* _Work to be completed_:
After locating the line with "5-assige-bewerkingscentra-dmg-mori-dmu-80-evo-5147-8" in the records below, print it and every line after it exactly.

(Brief descriptive captions)
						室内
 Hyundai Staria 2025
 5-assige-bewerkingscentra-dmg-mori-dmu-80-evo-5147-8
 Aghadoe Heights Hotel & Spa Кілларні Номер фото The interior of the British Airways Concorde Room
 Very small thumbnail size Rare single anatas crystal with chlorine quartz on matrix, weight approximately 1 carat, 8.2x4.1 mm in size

* _Task solution_:
 5-assige-bewerkingscentra-dmg-mori-dmu-80-evo-5147-8
 Aghadoe Heights Hotel & Spa Кілларні Номер фото The interior of the British Airways Concorde Room
 Very small thumbnail size Rare single anatas crystal with chlorine quartz on matrix, weight approximately 1 carat, 8.2x4.1 mm in size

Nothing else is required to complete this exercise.